2. The athletic training aid of claim 1, further comprising a stance/target reference arm, said stance/target reference arm being pointed at a pre-selected target and situated to form delineation between a user and said athletic training aid.
3. The athletic training aid of claim 1, further comprising a tempo cue generator for producing a tempo cue, said tempo cue generator being activated by disruption of said at least one break beam.
4. The athletic training aid of claim 3, wherein said tempo cue comprises a sensory signal selected from the group consisting of sight, sound and somatosense.
5. The athletic training aid of claim 1, further comprising a component for recording speed of said at least one object capable of fluorescing under ultraviolet energy.
6. The athletic training aid of claim 5, wherein said component records speed of at least one object capable of fluorescing under ultraviolet energy across at least two break beams.
7. The athletic training aid of claim 1, further comprising locator marks to indicate correct positioning of said at least one object capable of fluorescing under ultraviolet energy.

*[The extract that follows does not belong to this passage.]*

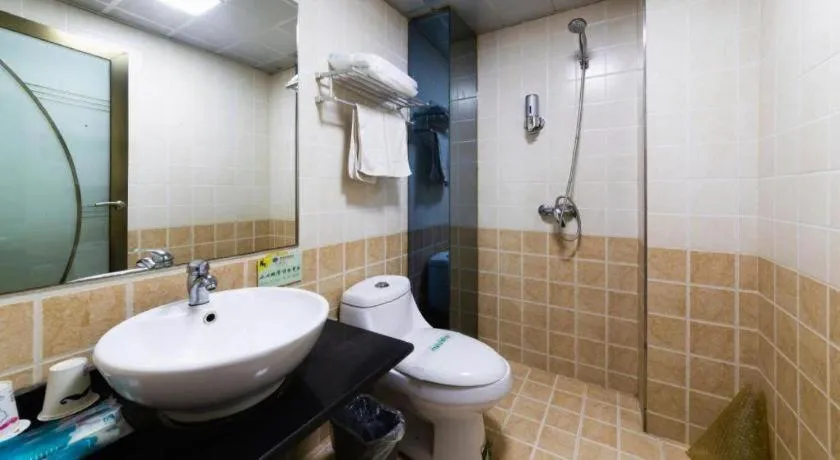 PAI Hotel Huayin Huashan Mountain Scenic Spot Ancient Street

8. The athletic training aid of claim 1, further comprising at least one laser module, wherein said at least one laser module generates at least one laser beam onto said designated area.
9. The athletic training aid of claim 3, wherein emission of said tempo cue after said disruption of said at least one break beam is variable as to speed.
10. The athletic training aid of claim 1 , further comprising at least one mirror for reflecting at least said UV energy onto said designated area.
1 1. The athletic training aid of claim 1 , wherein said at least one break beam is formed from at least one laser signal source/sensor pair.
12. The athletic training aid of claim 1, wherein said at least one break beam is formed from at least one infrared light emitting diode signal source/sensor pair.
13. The athletic training aid of claim 2, wherein said stance/target reference arm further comprises at least one laser that is part of a signal source/sensor pair.
14. The athletic training aid of claim 2, wherein said stance/target reference arm further comprises at least one infrared light emitting diode that is part of a signal source/sensor pair.
15. The athletic training aid of claim 2, wherein said stance/target reference arm is situated parallel to the line from said user to said pre-selected target.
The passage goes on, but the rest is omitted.